AutoCorrelation using FFT of power spectrum

Question

I have a chunk of data (samples) that need to do autocorrelation using FFT method. All data are real and lies between -1 and +1. What I have done follows:

1. Zero pad the window with the length equals the samples' length.
2. FFT of result from 1
3. Result from 2 has Real and Imaginary parts. I used them to find Power Spectral Density by taking Re*Re + Im*Im.
4. Take the inverse Fast Fourier Transform.

Now here is my question: The result from part 4 contains Real and Imaginary parts. Is the magnitude of it equals the autocorrelation result? If so, since my input contains positive and negative values, the magnitude of Result from part 4 means the autocorrelation result cannot be negative, which doesn't make sense.

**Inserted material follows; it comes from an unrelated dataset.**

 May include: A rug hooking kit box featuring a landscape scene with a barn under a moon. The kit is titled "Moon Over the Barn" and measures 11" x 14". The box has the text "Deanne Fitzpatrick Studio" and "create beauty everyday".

Or should I take only the Real part of result from Part 4 as the autocorrelation result? My input is real and so the autocorrelation shouldn't have any imaginary part, right?

Answer 1

In principle you are doing the right thing. Step 4 should produce a real result unless there is a coding error. Sometimes you add up some residual imaginary part due to numerical noise but, if any, that should be very small.

Here is an example

%% random signal of length n
n = 128;
x = rand(n,1);
% zero pad
x = [x; zeros(n,1)];
% fft
fx = fft(x);
% mag sqaured
fa = fx.*conj(fx);
% inverse FFT
a = ifft(fa);
% plot
plot(-n+(1:2*n),circshift(a,-n));
answer = {'no','yes'};
fprintf('Is a Real?: %s \n',answer{isreal(a)+1});